Wednesday, 19 September 2012
La Tourette
The TGV doesn't half shift, the electricity pylons look weird and in next to no warp speed you're staring at the most peculiar of television movies in the disabled suite of your Lyon Part Dieu (disastrous new business district) hotel room. When you sit on the toilet your feet don't touch the rubber, and on a TV screen the size of the Rokeby Venus there's a man fucking his sister - but no! He's a surgeon who's created her from a him in revenge! It's porn meets Dr Who -the next night will have Sean Penn playing a character disturbingly reminiscent of Robert Smith of the Cure- equally peculiar. They didn't tell us this on Wikitravel, but you can rely on CANAL + for appropriate contemporary post human programming before you make the suburban, once every two hour, trip to L'Arbresle, and then climb (for there won't be any taxi's for sure) the pilgrim's way to the most venerable of ancient modern architectures, Le Corbusier's monestary Couvent de La Tourette for some peace and quiet.
Julie wanted to leave within the hour. I heard her sobs from my adjoining cell. Indeed, those used to post human entertainments get a shock. While your mobile phone will function, La Tourette is both fridge, ship, echo chamber, and the set of the Flintstones. It is architecture unplugged, stripped, raw and unpleasant, but after a day or two you do wake up feeling like Achilles (read The Iliad).
Partly this is because you sleep sunset to sunrise, especially when the lights in your cell don't work (as they didn't for us) and there is nothing to look at, apart from trees. When you sleep you are dreaming of everything you ever did that was somehow catastrophically more active. It gives you a new perspective on your waking hours, where you embrace each flower as a new friend. Since you can 'make your room' in about ten seconds, and aren't supposed to talk, eat or drink in it either, that's what happens.
I dreamt, very aptly, that the university had turned in to a shopping mall.

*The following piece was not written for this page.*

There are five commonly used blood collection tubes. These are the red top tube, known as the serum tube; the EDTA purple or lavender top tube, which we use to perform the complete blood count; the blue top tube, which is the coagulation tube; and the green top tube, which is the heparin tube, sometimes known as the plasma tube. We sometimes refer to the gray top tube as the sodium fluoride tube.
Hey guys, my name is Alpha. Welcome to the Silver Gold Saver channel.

I love La Tourette but I can't stand La Tourette bores, those architects who say you have to stay there a week to appreciate the rhythm, those who say the food is all local, those who go on about the amazing space. Bollocks. La Tourette is a very efficient machine and the cornflakes are from Carrefour, but it is an aesthetic masterpiece on a par, maybe better, than Physical Graffiti, the album you have to have but can hardly listen to. It is the piece de resistance, it is upside down, it is poised on a ridiculous slope, it has a church which downright admits that religion is all smoke and mirrors, it features large amounts of totally unfeasibly thin concrete window mullions and sticks the glass straight into them, it has never heard of insulation of any kind, it is a health and safety disaster, it says fuck you, it says THIS IS IT!

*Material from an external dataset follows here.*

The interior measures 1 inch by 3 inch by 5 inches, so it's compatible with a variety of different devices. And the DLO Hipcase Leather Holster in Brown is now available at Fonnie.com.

It says stuff Elle Decoration up your arse.
Unfortunately silence is nowadays as addictive as anything else. Today monks struggle with the conscience of having Mac computers and making layered moving image multi disciplinary artworks. I wonder things aren't quite the same as they used to be. Julie and I are, for instance, now consuming this silence. Soon they'll be hosting yoga classes and wellbeing symposia if they are not careful (see picture above for appropriate sunset).
You should take a guide book, but nothing not written by Le Corbusier himself. He published the Poem de l'Angle Doit in 1955. I sat at my desk and read it and read it again and again. I even tried to understand the pictures (not much else to do before wondering what it would be like to fuck the American girl on the last tour in the short shorts with the frizzy hair - a thought I tried to banish but that seemed highly resilient).

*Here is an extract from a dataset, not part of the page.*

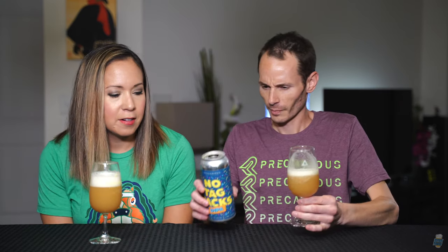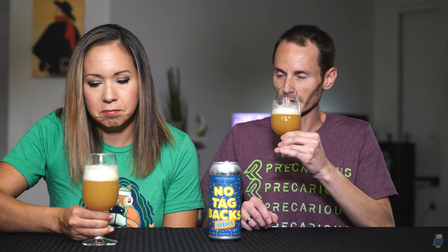Pineapple-y. They're right — tropical notes are on the nose. Creamsicle and tropical fruit too. Maybe some creamsicle, yeah, a little bit. It's just because it's so creamy smelling. Maybe it's more in the taste.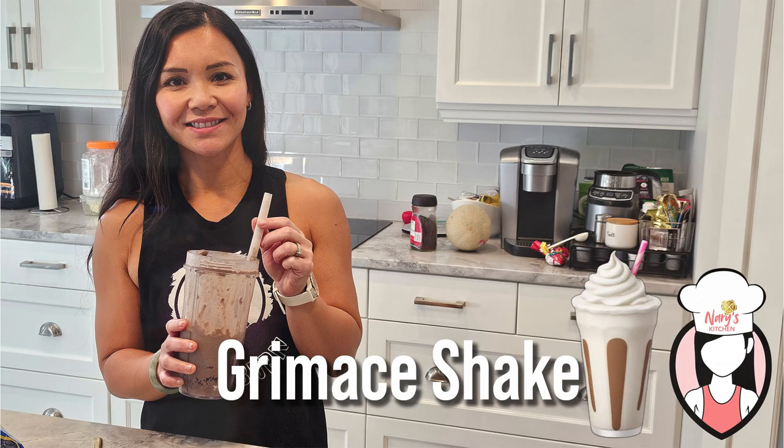Hey FitFam! Welcome back to Neri's Kitchen. This Halloween weekend we're making a delicious Grimace shake that's packed with health benefits — perfect for a fun treat. Let's get started.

La Tourette is, at it's core, something we are all busy ironing out. Le Corbusier would probably have approved of my thoughts with regard to the American. The poem is raunchy as all hell (this concrete shelter is real) and talks in the most elemental terms about what we should do, at least what we should respect and how difficult it is, and how you have to stand on the shore in the morning and stare at the horizon braced for the day, bristling against attack on our rationality, otherwise you're dead (horizontal). That is the poem of the right angle, and that is why those right angles are juxtaposed with that ridiculous slope, and that's why some of those supports lean in a cute way, like the struts supporting Achilles' sleek black ships, dragged up on the shore before battle.